• Work to be completed:
Please output exactly the lines from the one containing "CMB Made Knives" through the end of the records below, leaving out any pictures.

• Provided material:

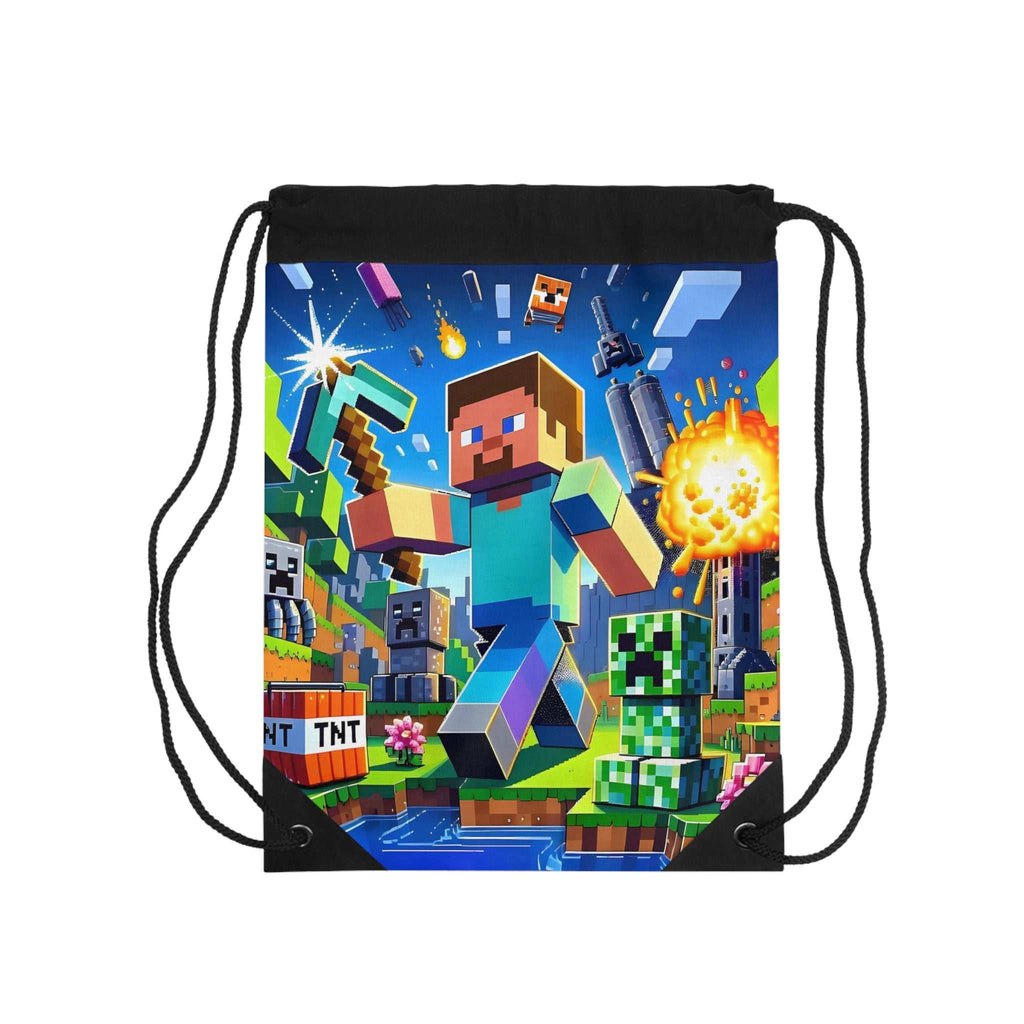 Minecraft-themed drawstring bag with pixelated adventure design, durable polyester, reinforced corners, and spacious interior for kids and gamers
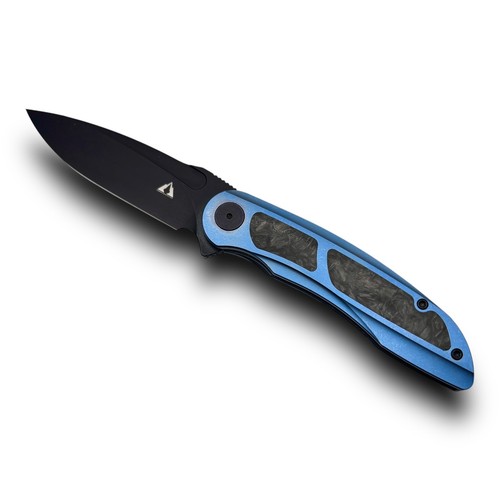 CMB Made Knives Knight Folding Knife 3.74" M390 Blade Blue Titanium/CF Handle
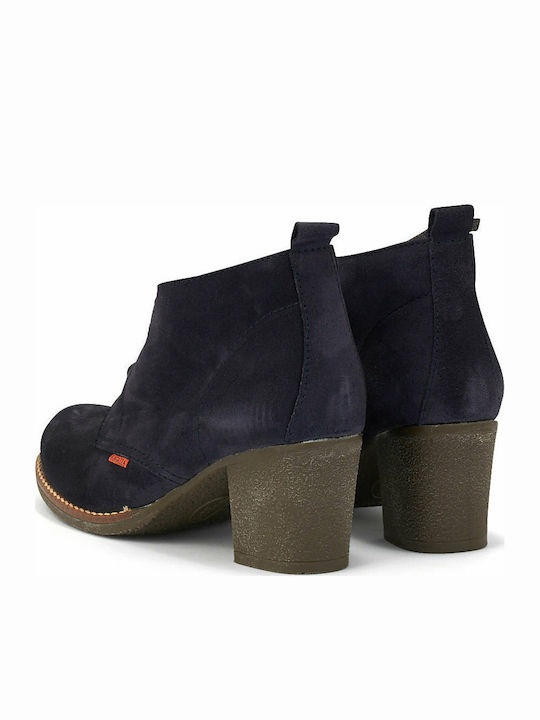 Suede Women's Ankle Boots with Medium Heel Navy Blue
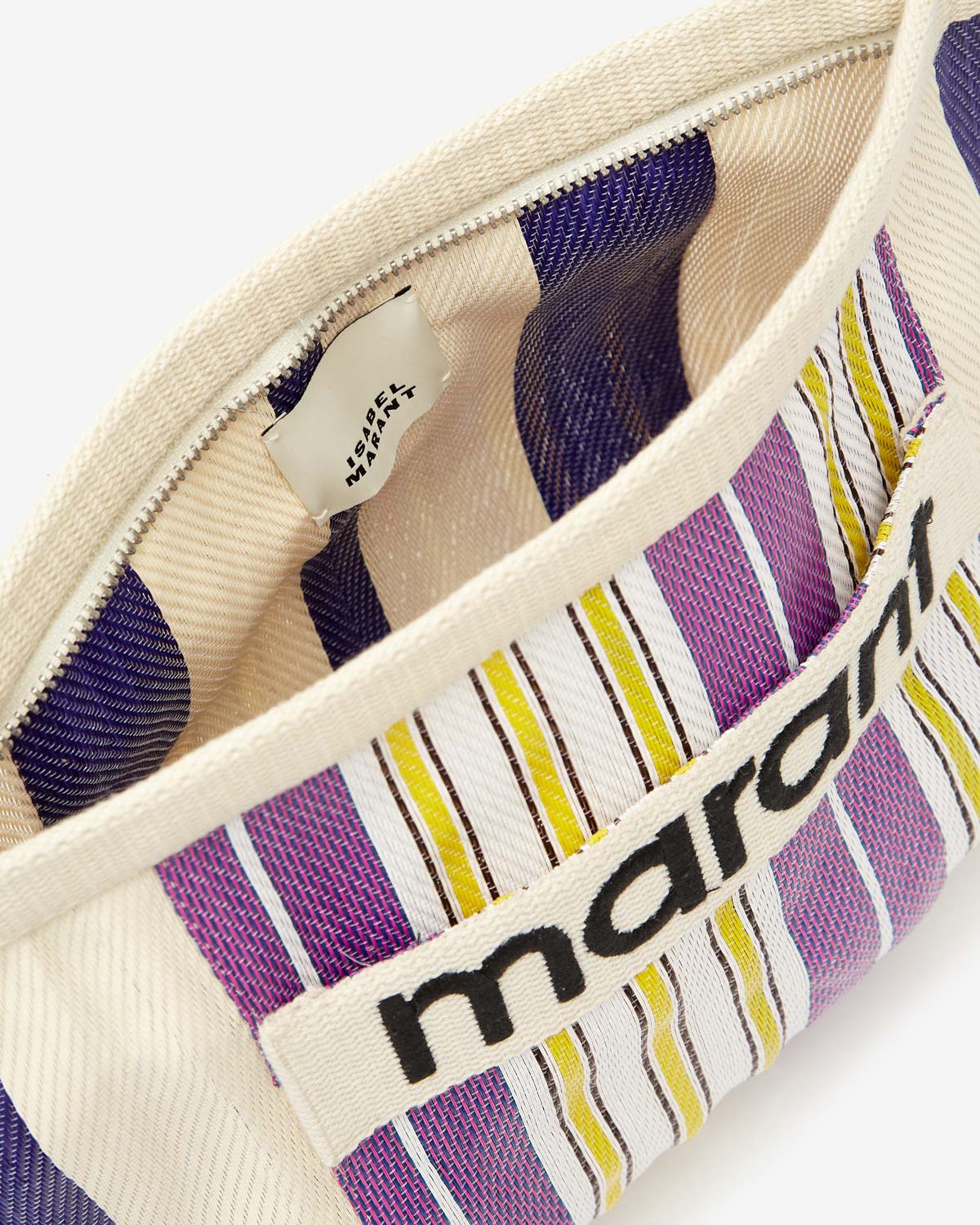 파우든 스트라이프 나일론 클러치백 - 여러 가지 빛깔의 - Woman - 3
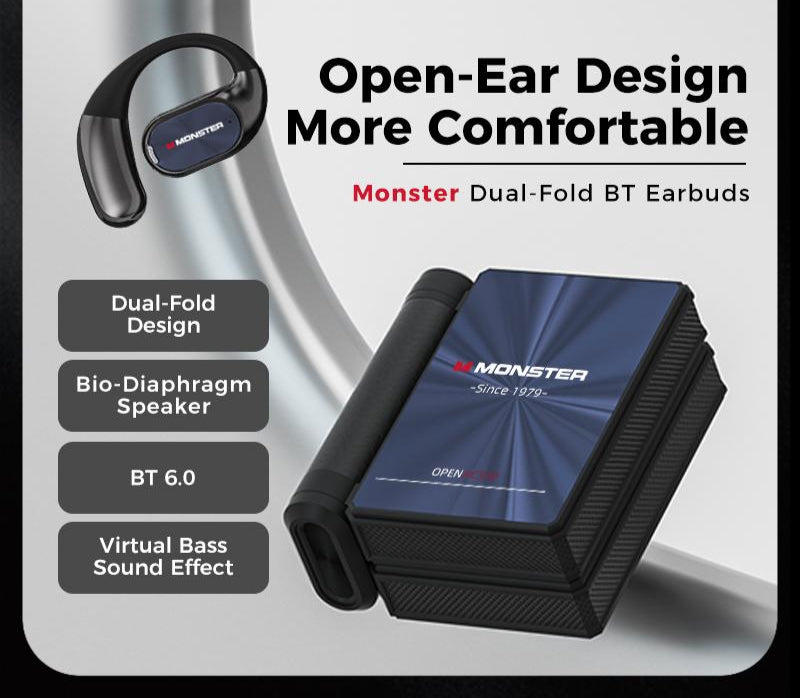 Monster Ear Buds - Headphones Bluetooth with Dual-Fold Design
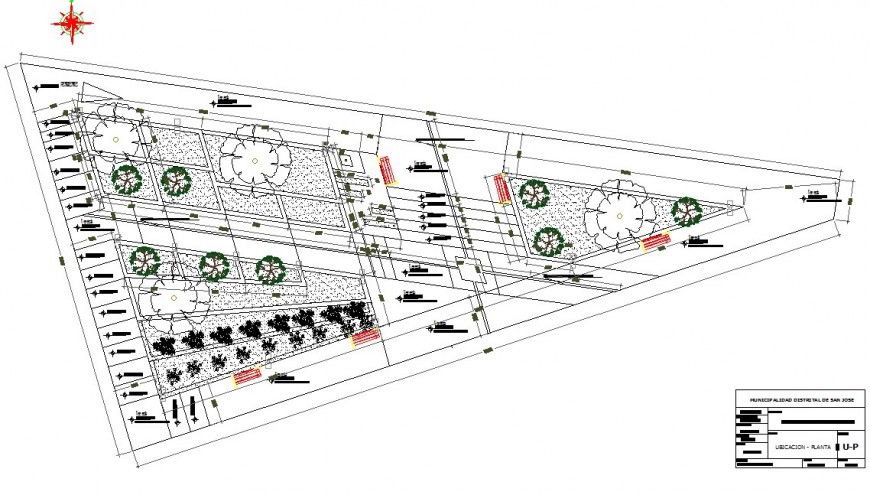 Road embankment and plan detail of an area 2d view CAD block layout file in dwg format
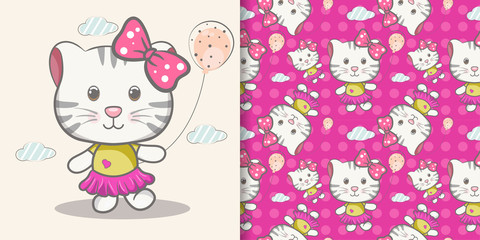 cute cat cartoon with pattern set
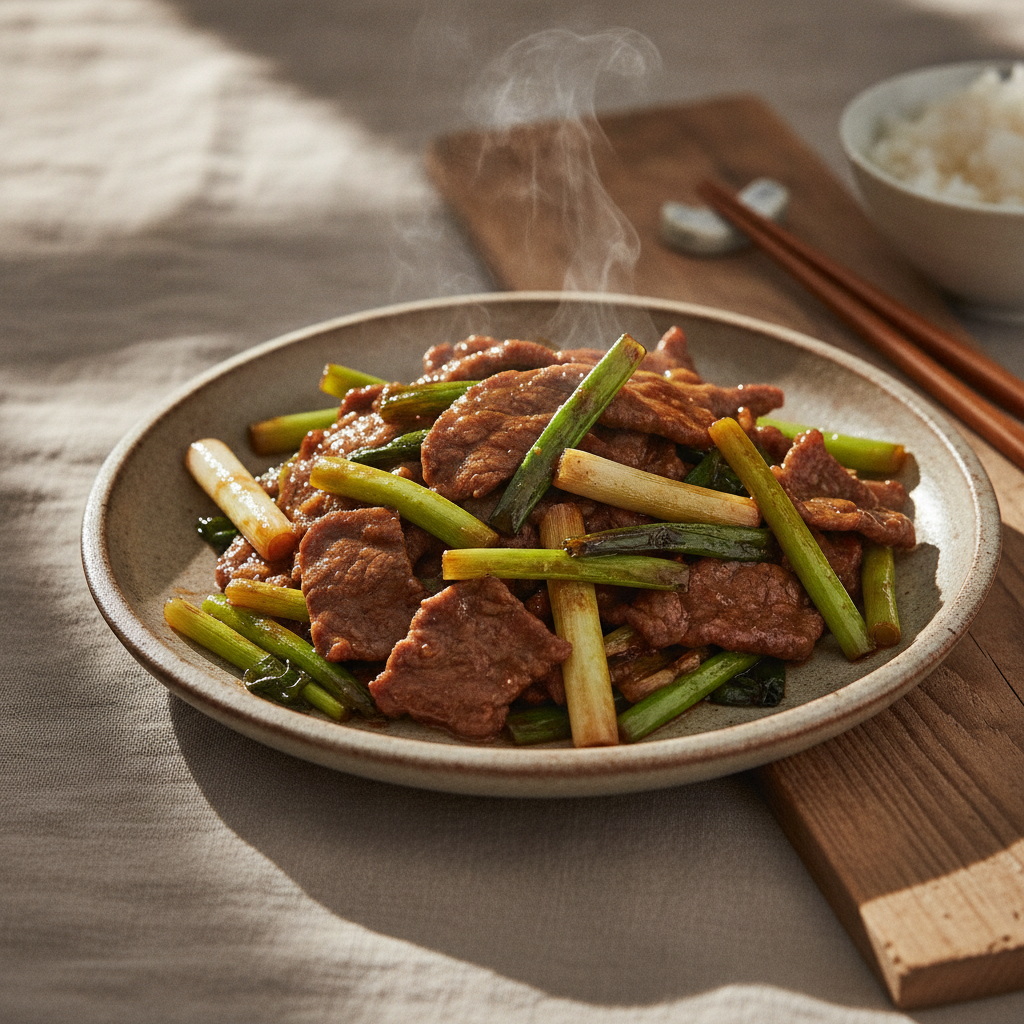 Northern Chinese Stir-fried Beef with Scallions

• Task result:
 CMB Made Knives Knight Folding Knife 3.74" M390 Blade Blue Titanium/CF Handle
 Suede Women's Ankle Boots with Medium Heel Navy Blue
 파우든 스트라이프 나일론 클러치백 - 여러 가지 빛깔의 - Woman - 3
 Monster Ear Buds - Headphones Bluetooth with Dual-Fold Design
 Road embankment and plan detail of an area 2d view CAD block layout file in dwg format
 cute cat cartoon with pattern set
 Northern Chinese Stir-fried Beef with Scallions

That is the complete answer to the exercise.